Ever since the end of the 2008/09 recession, the Bank has been telling us that inflation was going to pick up again.  And it did briefly, as in quite a few other advanced countries.  New Zealand’s non-tradables inflation (ex GST) got up to around 3 per cent in 2011.  Like New Zealand, a wide range of other OECD countries (although not the US or UK) actually raised policy interest rates in 2010/11.  With hindsight it was unnecessary, but on the evidence to hand they were probably reasonable calls at the time.

But our Reserve Bank has gone on picking that inflation would rise.  For a time it still seemed plausible, as the scale of the repair process in Christchurch after the 2010/11 earthquakes became apparent.  In fairness to the Reserve Bank, most of the local market economists have been even more convinced that inflation would rise (and more “hawkish” on policy).

But it just has not happened.   There have been isolated pockets of inflation.  Some of it was just taxes – Tariana Turia’s gift to closing the deficit in the form of repeated increases in tobacco taxes.  And construction costs did rise, especially in Christchurch.  Big real shocks typically induce relative price changes.   And there was no widespread spillover of Christchurch construction cost inflation to the rest of the economy.

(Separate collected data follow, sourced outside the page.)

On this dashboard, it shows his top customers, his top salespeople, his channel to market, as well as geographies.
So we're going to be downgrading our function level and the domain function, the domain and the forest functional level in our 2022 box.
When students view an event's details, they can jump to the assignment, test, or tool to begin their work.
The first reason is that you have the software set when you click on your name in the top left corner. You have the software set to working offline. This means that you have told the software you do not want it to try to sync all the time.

Where do we stand now?  I’m not mentioning headline inflation –  it didn’t matter much when it was nearly 5 per cent, and it doesn’t matter that much that it is currently nearly zero.  But the Reserve Bank’s best estimate of core inflation –  the sectoral factor model –  was last above 2 per cent in the year to December 2009.  It hung around 1.5 per cent for some time, and in the last couple of quarters has fallen again, and it is now around 1.3 per cent.  This is a very slow-moving series, and being that close to the bottom of the target range should be of serious concern to the Reserve Bank.

core cpi

Concern should be mounting because other core measures, while perhaps less informative (noisier), are at least as weak.  Trimmed mean inflation –  the best of the rest in my view –  was 0.6 per cent in the year to March.  That measure is constructed in a way that will have given no weight to falling petrol prices or rising cigarette prices.  I could go on.  Non-tradables should probably be around 3 per cent when overall CPI inflation is on target at 2 per cent. Non-tradables inflation got as high as 3 per cent in the year to last March as construction cost inflation picked up, but was only 2.3 per cent in the year to March 2015 –  barely above the lows reached in the depths of the recession.

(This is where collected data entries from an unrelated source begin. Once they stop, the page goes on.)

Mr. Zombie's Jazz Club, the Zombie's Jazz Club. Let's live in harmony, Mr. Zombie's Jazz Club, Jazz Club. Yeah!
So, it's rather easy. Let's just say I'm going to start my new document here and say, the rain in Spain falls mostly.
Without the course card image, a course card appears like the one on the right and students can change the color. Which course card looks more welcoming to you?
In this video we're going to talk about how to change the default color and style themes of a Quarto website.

Is there comfort anywhere else?  I don’t think so.  Wage inflation is showing no sign of picking up, inflation expectations are likely to keep falling, and a high exchange rate can’t even really be blamed for low headline inflation –  the exchange rate in recent months has been lower than (certainly no higher than) it was early last year.

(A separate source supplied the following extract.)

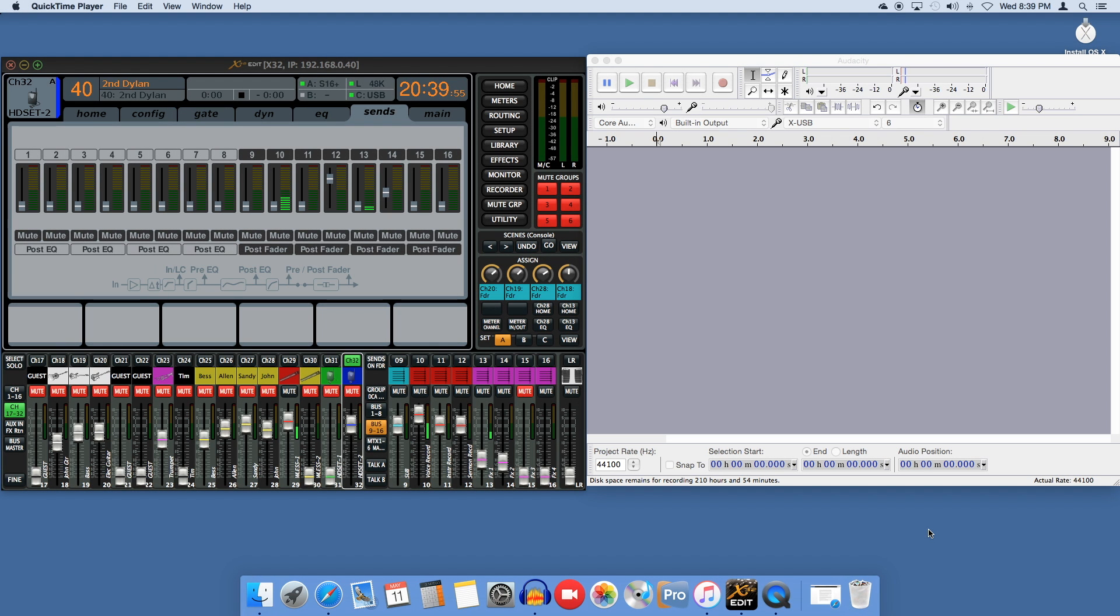I'm going to explain how to use monitor buses on a Behringer X32 to record to a USB destination. This may not be the best or the fanciest way, but it does work very well for us and it requires no additional hardware.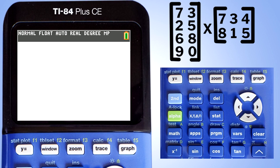Hi, this is Rob. We are going to do matrix multiplication on the TI-84 Plus CE graphing calculator. These are the two matrices that we are going to multiply: Matrix A and Matrix B.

Inflation globally is weak.    Commodity prices are falling.  Growth in China –  the largest component in global growth in recent years –  is weakening.  And although there is still a lot of building activity going on in Christchurch there is little sign of pressure on resources (or inflation) getting more intense  there.  It is very difficult to see core inflation rising from here, on anything like current policy.

The case for OCR increases last year was always weak, but it was within a range of plausible outcomes.  But time showed that those increases were unnecessary, and the Bank has gradually abandoned the plans the Governor had talked about of raising the OCR by 200 basis points.   What isn’t clear is why the Bank won’t now reverse the unnecessary OCR increases.  Inflation is well below target, and has repeatedly surprised on the low side.  Unemployment is still above any reasonable sense of a NAIRU,  the recovery has not been strong by historical standards, and the Bank repeatedly anguishes in its policy statements about an overvalued exchange rate.

No one knows the future, and even forecasts of the near-future should be held rather lightly.  But when (Bank and market economist) forecasts have been consistently wrong, there is a strong case for looking out the window and reacting to what we see now.  And what we see is low and falling inflation, subdued credit growth, quite-high unemployment, and a troublingly high exchange rate.  House price inflation is certainly higher than most would like, but the Governor told us at the March Monetary Policy Statement that house prices were not a particular factor in his recent interest rate decisions.

Most other advanced and emerging countries have been cutting policy rates in the last year.  Today’s inflation number is further evidence that New Zealand should join them.     A strict inflation targeter would (if there were any such) but a flexible one certainly now should be.